## RECORDED INFORMATION
________
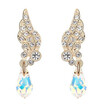High Quality Drop Earrings Made with Crystal from Austrian Elements Women Pendientes for Wedding Party Jewelry 6805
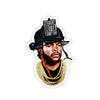 Iced Out Cube 2.0 Sticker Printify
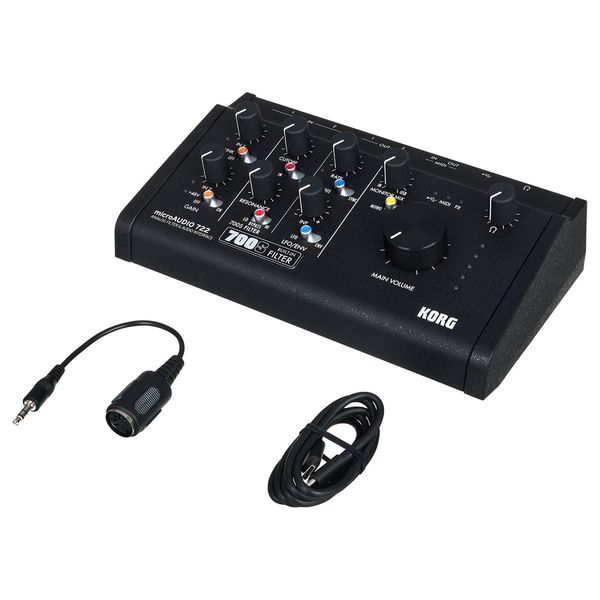Korg microAUDIO 722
________
## WHAT YOU NEED TO DO
Every line of the data should be transcribed exactly. Omit the images.

## OUTPUT
High Quality Drop Earrings Made with Crystal from Austrian Elements Women Pendientes for Wedding Party Jewelry 6805
 Iced Out Cube 2.0 Sticker Printify
Korg microAUDIO 722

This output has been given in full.